We know that innovation has been a constant force for change since the last century, but it seems we have crossed an invisible point in history where, instead of the rate of change slowing down, as many people expected it to, it is accelerating.
It is like we were travelling in a really fast car at an incredible speed, and just when we thought we were travelling at full speed, the car suddenly began to accelerate and go even faster.
The question is, why now? What is causing the pace of innovation to increase?
The best way to answer this question is by an example.
Benjamin Franklin, the famous inventor and scientist did his famous kite experiment in the year 1752. His aim was to prove that lightning was electricity, and that he could channel that electricity through a metal cable.
The experiment was a success, and miraculously Franklin survived it without being electrocuted.
Franklin’s experiment kicked off an era of serious scientific studies and discoveries on electricity, and by the early 1800’s scientists had mastered the use of electricity.

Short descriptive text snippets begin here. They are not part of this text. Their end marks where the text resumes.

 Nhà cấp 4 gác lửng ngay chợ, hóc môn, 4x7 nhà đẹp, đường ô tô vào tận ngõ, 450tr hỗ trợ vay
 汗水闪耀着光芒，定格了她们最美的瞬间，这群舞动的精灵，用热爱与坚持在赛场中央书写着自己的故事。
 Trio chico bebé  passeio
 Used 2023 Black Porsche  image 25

However, electricity never went mainstream until over 150 years after Franklin’s kite experiment. Why?
The answer is that no one saw the mainstream value of electricity. It was a great phenomenon to work with in a lab and to do experiments on, but that was the limit to its use.
All that was about to change in 1879, when another great American inventor, Thomas Edison, invented the first incandescent light bulb, a type of light bulb that produced light by passing electricity through an extremely thin metal filament.

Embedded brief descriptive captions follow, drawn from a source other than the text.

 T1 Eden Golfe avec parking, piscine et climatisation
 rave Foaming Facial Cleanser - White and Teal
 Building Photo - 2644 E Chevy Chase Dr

The light bulb was no short of a miraculous invention in itself, but it also set off a series of events that went on to change our world.
People immediately saw the advantages of the electric light over traditional lamps. They were cleaner, produced no smoke and unpleasant smells, were much brighter, and didn’t need to be constantly refuelled. Soon there was a demand for electric lighting.

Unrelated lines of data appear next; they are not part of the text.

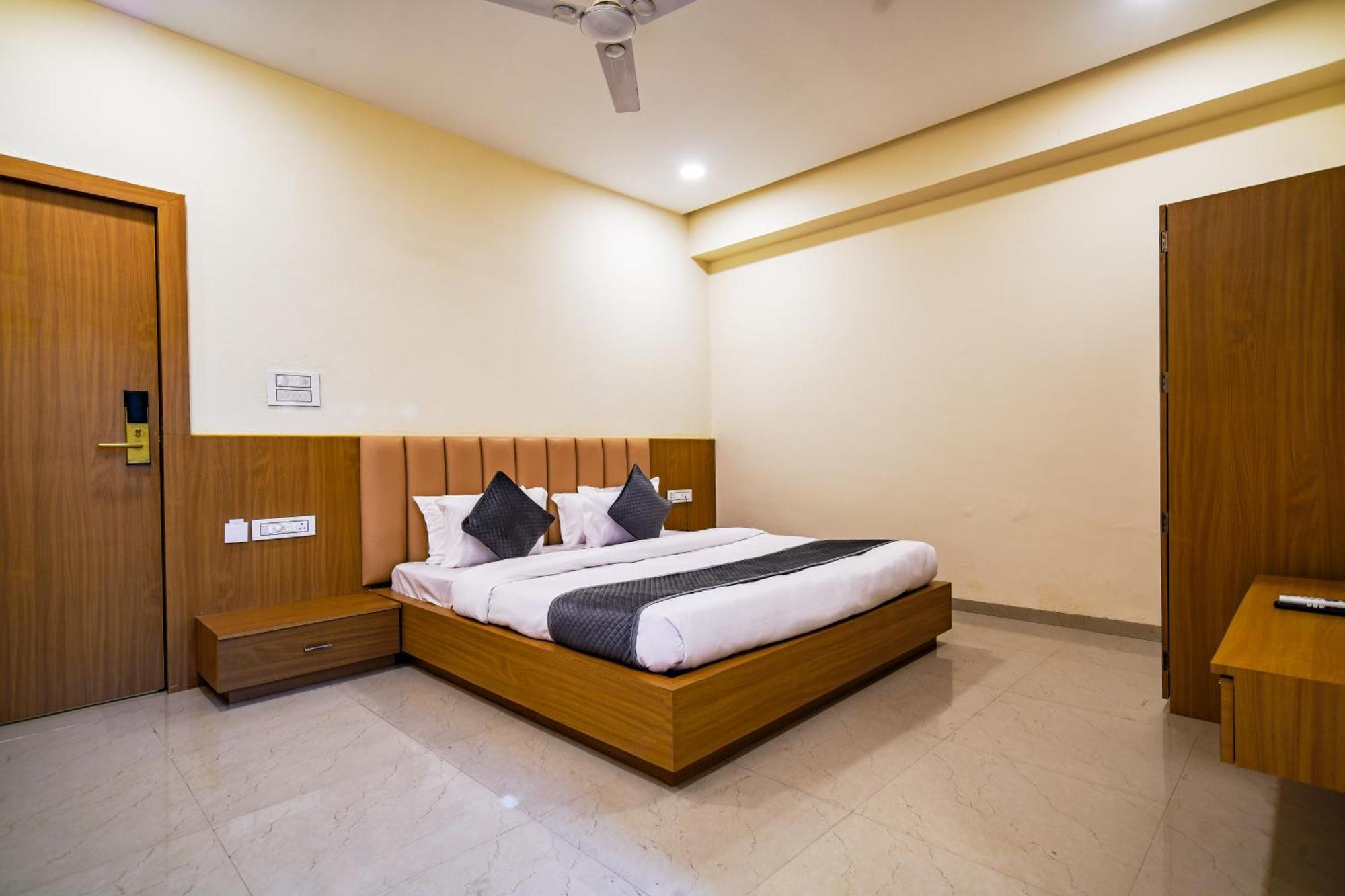 Hotel Shivlok ウッジャイン 部屋 写真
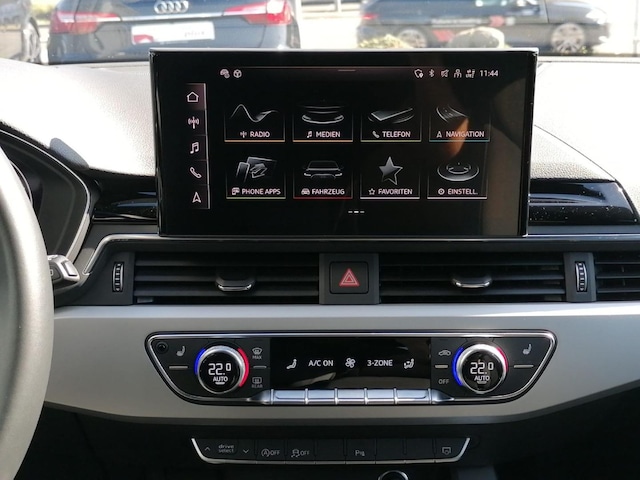 Audi A4 35 TFSI Avant S-Tronic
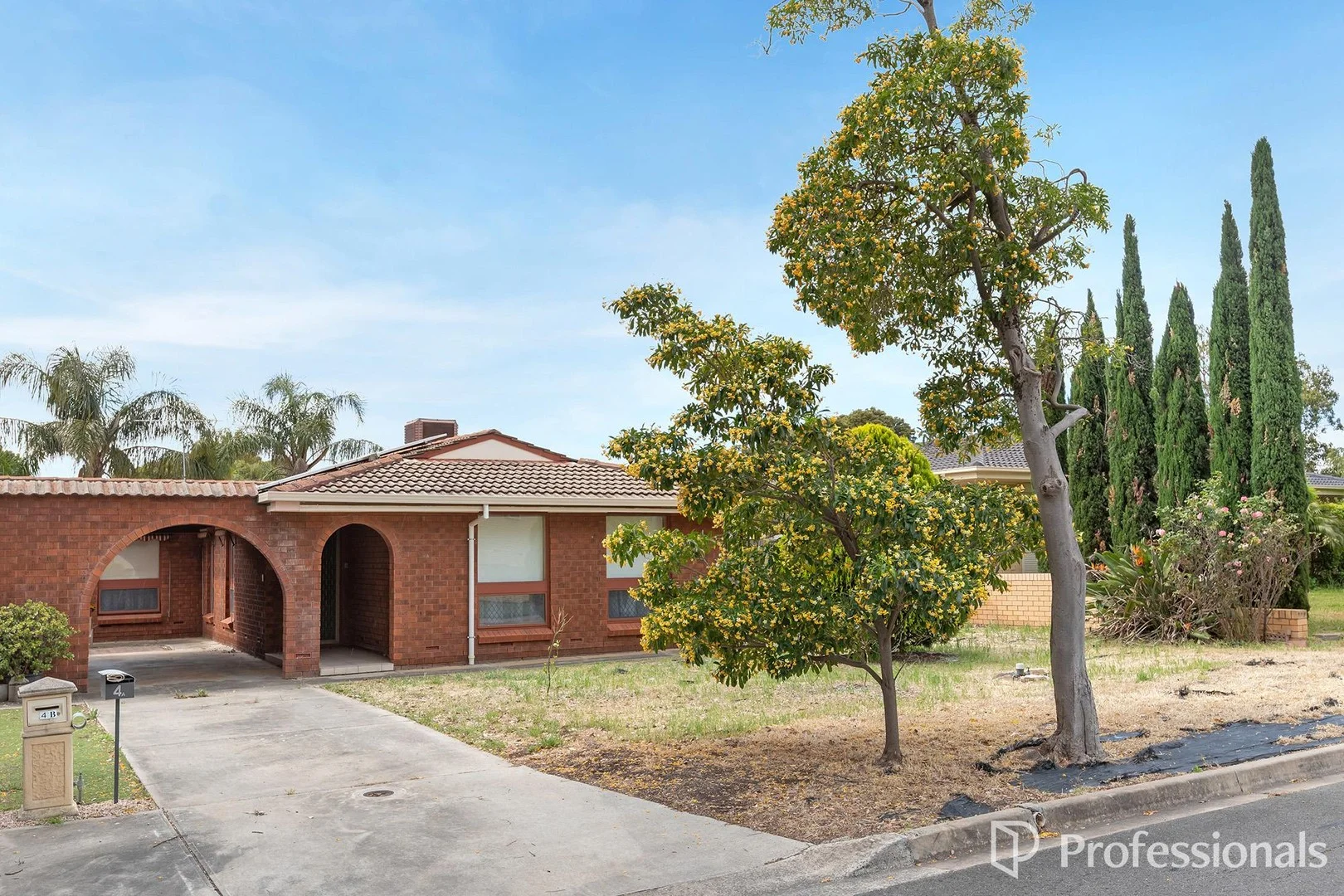 4A Glenda Drive (1/1)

Naturally, with the demand for lights came the need for electricity supply.
In 1882 Edison set up the Edison Electric Illuminating Company of New York, which began to roll out light bulbs to streets and homes close by. Within a short space of just of 30 years, the whole of the United States was electrified, and the rest of the world was soon to follow.
What we learn from this example, is that many great innovations are insufficient in themselves to drive any major change. They just sit on a shelf, waiting.
Eventually, a new innovation comes along, and a combination of the two innovations is what changes everything. Like electricity and the light bulb, each innovation was in itself insufficient to drive any real change. But combined, they worked together to spark a revolution that transformed our world.
This has been a recurring pattern throughout history, and the current wave of innovation we are experiencing, is no different. It is a time of convergence of a series of innovations which had been around for some time, but have never combined in any significant way, until now.
What are those innovations? They are artificial intelligence, computer networks and cyber-physical systems, and they are changing our world in previously unimaginable ways and have sparked a revolution: the Fourth Industrial Revolution.